It didn’t happen very often but once a month or every few months, something would come up and wearing a gun enroute and having it when I got there was an important part of the job. It made it possible to respond to calls, two men fighting or the backcountry at 2 a.m.
That’s why they gave me a gun, so that I was prepared to go into situations where common sense said go the other way.
There are regular reminders of how dangerous that can be. Somewhere all too frequently and sometimes very nearby, a police officer is shot doing his duty. They aren’t shoot outs like on television. More often they are ordinary situations gone very bad, stopping a car, calling to someone acting strangely to stop and chat, chasing a thief, or searching a house. Sometimes an officer is caught off guard; someone has a grudge or a mental illness or wants to make a point and decides shooting a cop is the thing to do because they wear badges and guns. One time I attended a funeral for four cops. For the 20,000 of us there, it was a lesson in how dangerous this job could be.
We frequently remind each other, be safe, be cautious, be wary.
So at the end of the day when I took off the gun, it was a great relief. It was heavy to wear and even heavier on the mind. Without the gun I could relax. I didn’t have to protect it; no one was going to call on me to solve a situation beyond their threshold of fear.
I enjoyed being a police officer. It was cool. I enjoyed being powerful and I enjoyed solving problems that before I would never have taken on. I never got in the habit of carrying a gun off duty like a few of my coworkers did. I could easily do without the power and I preferred not being so vulnerable. As one instructor in the Academy told us, off duty he preferred being a very good witness to being an active participant.

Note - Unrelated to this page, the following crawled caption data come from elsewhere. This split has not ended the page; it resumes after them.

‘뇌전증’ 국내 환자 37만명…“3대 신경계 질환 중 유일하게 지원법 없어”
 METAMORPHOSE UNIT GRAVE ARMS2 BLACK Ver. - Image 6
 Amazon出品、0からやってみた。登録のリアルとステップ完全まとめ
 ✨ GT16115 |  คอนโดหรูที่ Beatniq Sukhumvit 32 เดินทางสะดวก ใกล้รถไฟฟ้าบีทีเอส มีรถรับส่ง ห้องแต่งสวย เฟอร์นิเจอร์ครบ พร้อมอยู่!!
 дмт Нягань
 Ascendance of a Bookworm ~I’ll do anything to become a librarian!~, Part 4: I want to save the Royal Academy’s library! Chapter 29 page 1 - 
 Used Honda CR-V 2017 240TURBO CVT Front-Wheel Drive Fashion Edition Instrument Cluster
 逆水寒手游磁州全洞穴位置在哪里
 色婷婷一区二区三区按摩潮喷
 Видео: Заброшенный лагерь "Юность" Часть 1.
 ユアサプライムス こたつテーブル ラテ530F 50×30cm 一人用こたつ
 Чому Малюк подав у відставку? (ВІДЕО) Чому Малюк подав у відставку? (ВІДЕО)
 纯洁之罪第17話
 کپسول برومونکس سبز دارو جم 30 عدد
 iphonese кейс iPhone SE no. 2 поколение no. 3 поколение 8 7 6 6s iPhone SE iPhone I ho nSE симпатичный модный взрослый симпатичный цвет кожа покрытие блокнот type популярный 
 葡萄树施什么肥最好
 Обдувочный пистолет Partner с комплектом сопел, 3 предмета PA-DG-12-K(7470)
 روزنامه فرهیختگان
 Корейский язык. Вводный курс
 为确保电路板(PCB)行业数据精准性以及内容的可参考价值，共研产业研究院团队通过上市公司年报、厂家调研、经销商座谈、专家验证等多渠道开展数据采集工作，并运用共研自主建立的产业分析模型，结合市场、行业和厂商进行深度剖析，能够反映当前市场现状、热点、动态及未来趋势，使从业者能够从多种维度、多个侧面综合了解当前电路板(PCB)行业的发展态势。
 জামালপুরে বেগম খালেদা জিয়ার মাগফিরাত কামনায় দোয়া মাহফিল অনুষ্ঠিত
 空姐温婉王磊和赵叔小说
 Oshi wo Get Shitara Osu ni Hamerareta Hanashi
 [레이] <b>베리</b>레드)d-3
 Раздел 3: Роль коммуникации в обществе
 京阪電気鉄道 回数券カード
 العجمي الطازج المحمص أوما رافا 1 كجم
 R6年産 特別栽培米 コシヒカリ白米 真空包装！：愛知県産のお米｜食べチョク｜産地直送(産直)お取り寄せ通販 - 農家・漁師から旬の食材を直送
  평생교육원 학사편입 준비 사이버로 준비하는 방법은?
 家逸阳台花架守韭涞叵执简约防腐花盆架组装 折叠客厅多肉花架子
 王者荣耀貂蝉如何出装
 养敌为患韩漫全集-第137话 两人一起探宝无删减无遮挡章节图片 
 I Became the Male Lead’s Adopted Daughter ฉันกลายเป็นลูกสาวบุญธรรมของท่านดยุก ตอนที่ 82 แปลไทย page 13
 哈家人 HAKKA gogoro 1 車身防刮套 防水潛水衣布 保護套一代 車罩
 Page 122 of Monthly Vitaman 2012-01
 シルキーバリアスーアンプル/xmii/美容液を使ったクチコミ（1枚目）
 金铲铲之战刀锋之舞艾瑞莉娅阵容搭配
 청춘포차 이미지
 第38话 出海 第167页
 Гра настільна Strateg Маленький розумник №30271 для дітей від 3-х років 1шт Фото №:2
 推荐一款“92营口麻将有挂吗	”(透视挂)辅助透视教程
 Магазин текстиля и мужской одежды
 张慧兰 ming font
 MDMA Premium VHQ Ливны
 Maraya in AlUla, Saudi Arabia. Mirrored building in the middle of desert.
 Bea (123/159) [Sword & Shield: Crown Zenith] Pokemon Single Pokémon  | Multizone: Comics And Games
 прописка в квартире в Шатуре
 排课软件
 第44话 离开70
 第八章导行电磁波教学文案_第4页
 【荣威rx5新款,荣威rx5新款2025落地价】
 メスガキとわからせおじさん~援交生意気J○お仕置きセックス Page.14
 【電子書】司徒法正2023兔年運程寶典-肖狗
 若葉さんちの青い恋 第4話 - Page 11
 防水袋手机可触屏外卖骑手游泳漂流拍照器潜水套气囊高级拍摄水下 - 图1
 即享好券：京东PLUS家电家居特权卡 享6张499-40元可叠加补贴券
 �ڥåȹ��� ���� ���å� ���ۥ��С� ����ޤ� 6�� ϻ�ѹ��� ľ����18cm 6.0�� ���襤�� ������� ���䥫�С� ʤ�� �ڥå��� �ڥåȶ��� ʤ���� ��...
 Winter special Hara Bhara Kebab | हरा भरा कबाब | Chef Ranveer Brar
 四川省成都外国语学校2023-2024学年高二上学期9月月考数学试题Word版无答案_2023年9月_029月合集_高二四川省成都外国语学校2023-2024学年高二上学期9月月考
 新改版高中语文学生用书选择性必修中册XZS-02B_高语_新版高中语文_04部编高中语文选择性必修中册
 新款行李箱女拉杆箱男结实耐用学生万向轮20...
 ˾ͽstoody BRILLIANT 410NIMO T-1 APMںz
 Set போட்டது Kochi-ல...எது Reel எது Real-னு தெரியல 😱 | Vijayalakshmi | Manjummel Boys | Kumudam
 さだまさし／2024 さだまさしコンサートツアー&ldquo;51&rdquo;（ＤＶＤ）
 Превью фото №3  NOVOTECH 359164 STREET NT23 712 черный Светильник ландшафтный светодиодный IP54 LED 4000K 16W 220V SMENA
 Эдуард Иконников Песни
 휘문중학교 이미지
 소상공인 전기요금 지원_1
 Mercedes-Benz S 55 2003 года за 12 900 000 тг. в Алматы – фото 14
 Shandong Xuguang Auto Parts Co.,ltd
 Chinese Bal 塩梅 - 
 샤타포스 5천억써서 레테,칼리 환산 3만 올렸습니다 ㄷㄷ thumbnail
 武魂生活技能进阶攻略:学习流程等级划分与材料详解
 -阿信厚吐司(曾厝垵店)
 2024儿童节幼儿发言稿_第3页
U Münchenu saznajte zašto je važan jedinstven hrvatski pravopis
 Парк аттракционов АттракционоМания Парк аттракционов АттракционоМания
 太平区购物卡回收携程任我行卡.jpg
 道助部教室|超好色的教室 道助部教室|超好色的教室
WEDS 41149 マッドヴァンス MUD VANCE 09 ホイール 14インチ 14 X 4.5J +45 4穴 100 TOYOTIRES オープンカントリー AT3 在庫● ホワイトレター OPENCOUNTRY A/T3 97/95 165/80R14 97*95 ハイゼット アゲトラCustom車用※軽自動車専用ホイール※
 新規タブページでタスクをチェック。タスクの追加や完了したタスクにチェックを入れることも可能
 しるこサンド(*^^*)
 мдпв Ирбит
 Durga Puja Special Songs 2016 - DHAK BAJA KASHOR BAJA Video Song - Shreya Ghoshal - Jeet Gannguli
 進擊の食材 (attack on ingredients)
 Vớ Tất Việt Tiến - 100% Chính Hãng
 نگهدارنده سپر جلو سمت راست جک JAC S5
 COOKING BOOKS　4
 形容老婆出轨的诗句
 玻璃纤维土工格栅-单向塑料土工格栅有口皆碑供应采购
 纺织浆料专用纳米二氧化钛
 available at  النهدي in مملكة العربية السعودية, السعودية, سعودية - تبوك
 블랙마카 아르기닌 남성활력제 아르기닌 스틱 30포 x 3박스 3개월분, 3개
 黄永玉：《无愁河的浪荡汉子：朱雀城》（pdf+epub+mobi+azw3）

And when I retired I enjoyed taking the gun off for good. I have a gun now, the first weapon I was issued. I purchased it when they were replaced with newer models. I have magazines and bullets for it. I am well trained on how to use it. But most of the time it’s securely locked up. I never expect to use it. Maybe on vacation I’ll take it out in the desert and fire off a few rounds. This time I expect to hit the bottle.